MATERIAL SHOWN:
--- --- ---
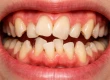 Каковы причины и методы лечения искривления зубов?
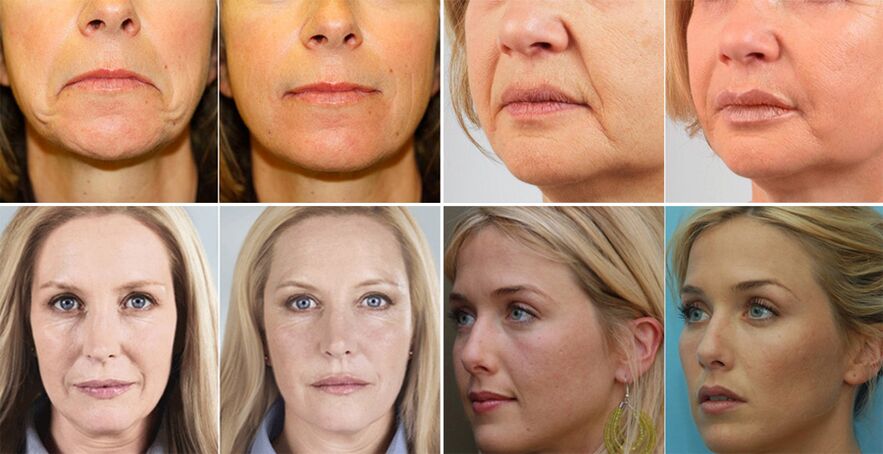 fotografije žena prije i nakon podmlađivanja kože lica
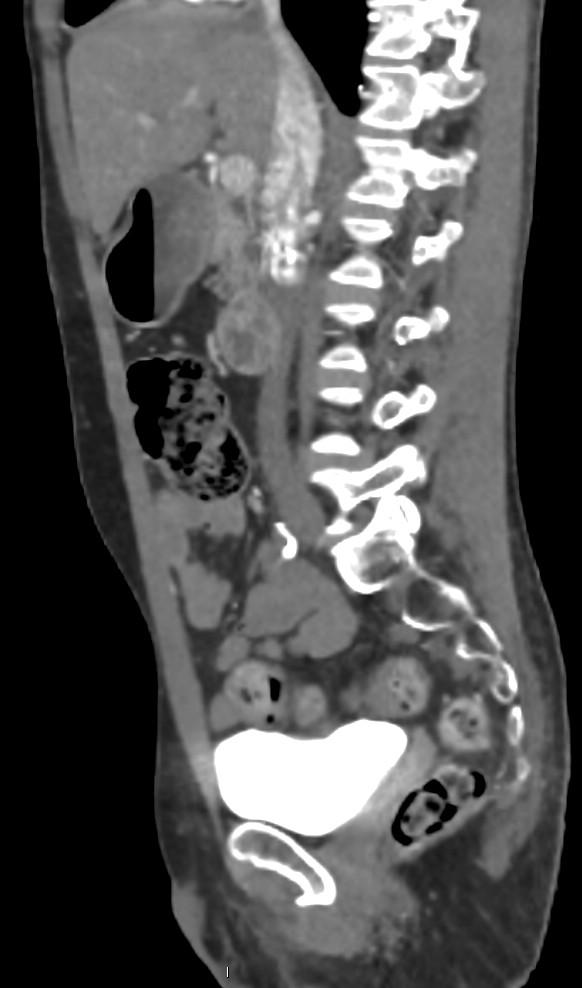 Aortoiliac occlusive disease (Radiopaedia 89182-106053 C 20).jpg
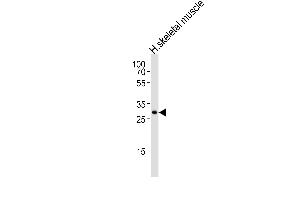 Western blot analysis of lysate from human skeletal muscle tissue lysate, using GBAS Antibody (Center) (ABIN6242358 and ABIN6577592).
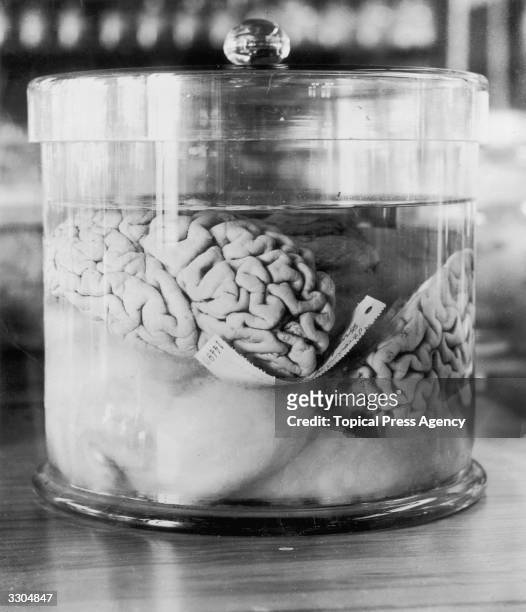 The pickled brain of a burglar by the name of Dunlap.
--- --- ---
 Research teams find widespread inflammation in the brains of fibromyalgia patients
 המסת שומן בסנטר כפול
--- --- ---
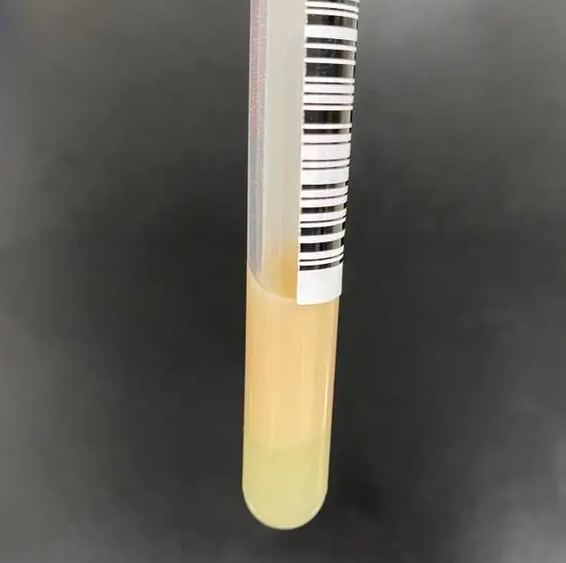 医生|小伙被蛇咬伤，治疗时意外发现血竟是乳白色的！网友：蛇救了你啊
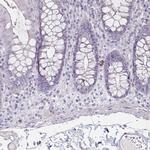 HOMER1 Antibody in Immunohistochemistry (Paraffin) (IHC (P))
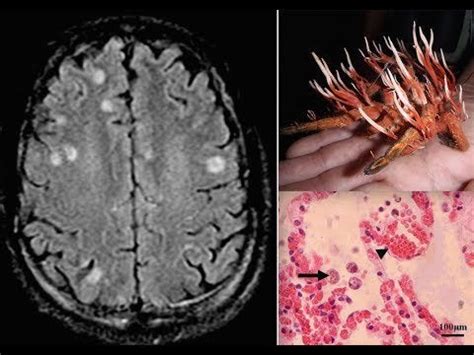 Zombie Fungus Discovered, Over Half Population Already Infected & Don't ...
--- --- ---
WORK TO COMPLETE: Copy only what lies between the line with "Каковы причины и" and the line with "The pickled brain", those two lines included, exactly as given above; pictures stay out.

ANSWER TO THE EXERCISE:
 Каковы причины и методы лечения искривления зубов?
 fotografije žena prije i nakon podmlađivanja kože lica
 Aortoiliac occlusive disease (Radiopaedia 89182-106053 C 20).jpg
 Western blot analysis of lysate from human skeletal muscle tissue lysate, using GBAS Antibody (Center) (ABIN6242358 and ABIN6577592).
 The pickled brain of a burglar by the name of Dunlap.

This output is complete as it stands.